А здравый смысл подсказывает: для начала разберись: не окажется ли вроде мелкая речушка бурным горным потоком. Не то ненароком ступишь в нее - и понесет через быстрины, увлечет на пороги да побьет о валуны…
Есть в науке экономике понятие такое - безработица. Она разная бывает. Одна - регистрируемая (официальная), это когда люди в службу занятости пришли и на учет как безработные встали. Другая - общая, в ее сети попадают и те, кто работы найти не может, и те, кому в службе занятости в регистрации отказали и они сами работу ищут, но из-за состояния экономики найти не могут.
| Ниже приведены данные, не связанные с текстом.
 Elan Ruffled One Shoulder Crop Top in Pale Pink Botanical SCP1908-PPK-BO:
Так вот, в службе занятости вакансий чуток больше миллиона, а “общих” безработных - более четырех. Скажите, кто виноват, что работы на всех не хватает? Ну, явно не они, не безработные. А еще допустим, что три миллиона тех, кто службу занятости сейчас стороной обходит, туда за официальным статусом безработного пойдут. И скажите мне, что будет больше: экономия от взимания с них “социальных платежей” или расходы на пособия по безработице для тех, кто за ними раньше не обращался?
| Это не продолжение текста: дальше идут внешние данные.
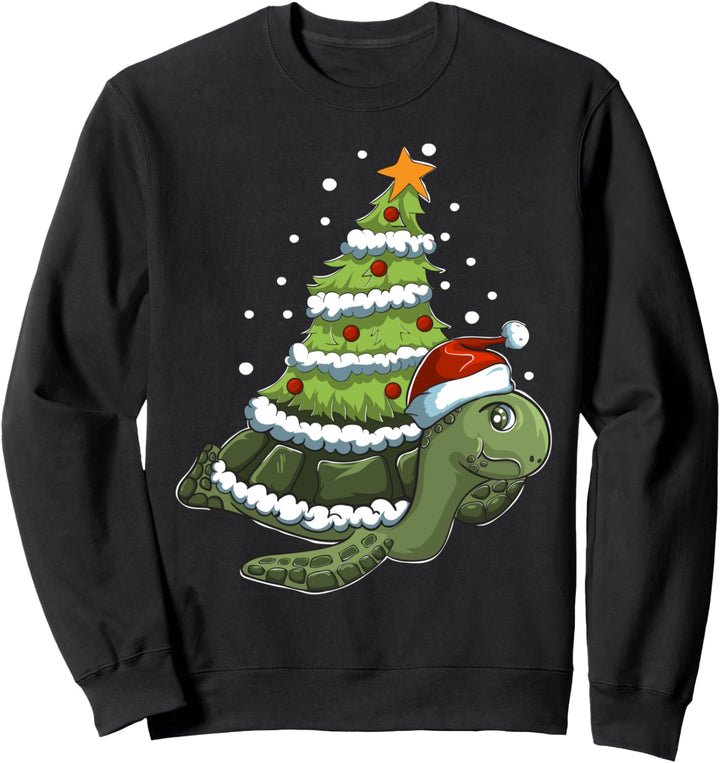Weihnachtsbaum Weihnachtsmütze Weihnachten Schildkröte Sweatshirt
Идем дальше. В стране, к неудовольствию “социальных” чиновников, есть семьи с детьми-инвалидами, где матери вынужденно не работают, а растят этих самых детей, ухаживают за ними, кормят и даже учат. А папа вкалывает за двоих, за себя и за маму. И вот в один прекрасный день такой семье (точнее, маме) прилетает квитанция на “социальный платеж”. (Как подсчитал министр труда, “всего-то” на 20 тысяч!) И данная семья начинает медленно, а какая-
то другая - быстро, сходить с ума: к их и без того непростой жизни еще и эту “новацию” в нахлебники прилепили…
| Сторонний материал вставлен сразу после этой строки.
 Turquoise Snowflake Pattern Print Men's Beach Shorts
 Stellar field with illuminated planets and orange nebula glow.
Есть семьи, где, вопреки “здравому” смыслу чиновников, один из членов семьи не работает, а - паршивец этакий! - за престарелой бабушкой или за дедушкой ухаживает. Вот в наказание за его тунеядство мы с него “социальный платеж” и дернем. Знай наших! А ничего, что в стране дома для престарелых и немощных есть только на 220 тысяч человек? Потребность же - 1,5 млн минимум…
Есть еще “тунеядцы”, которые своим натуральным хозяйством живут, в поликлинику не ходят (она, эта поликлиника, верст за сто, а то и больше будет) и по дорогам не ездят (дорог этих в тех краях отродясь не было и не предвидится). Им для пущей полноты жизни тоже “социального платежа” не хватает…
Не охвачены “социальным платежом” и занятые в “сером” секторе. Они там как оказались? А так: работодатель, спасаясь от экономического беспредела (заоблачных банковских процентов, непомерных взысканий от контролирующих органов и отсутствия нормального потребительского спроса), пытается выжить да еще сохранить рабочие места, а другого подвластного ему способа, кроме как сэкономить на налоговых расходах, нет. Государство не оставило других способов-то…
Но все вышеперечисленное со стройной абстрактно-аппаратной мыслью как-то плохо вяжется. Она, эта мысль аппаратная, пряма, как прямая линия, и параллельна, как параллельная. А все наши житейские мудрости в стройный регламент не укладываются. И придется нам, как профессору Преображенскому, не раз и не два к броне - здравой мысли обратиться. Авось что-то получится близкое к реальной жизни.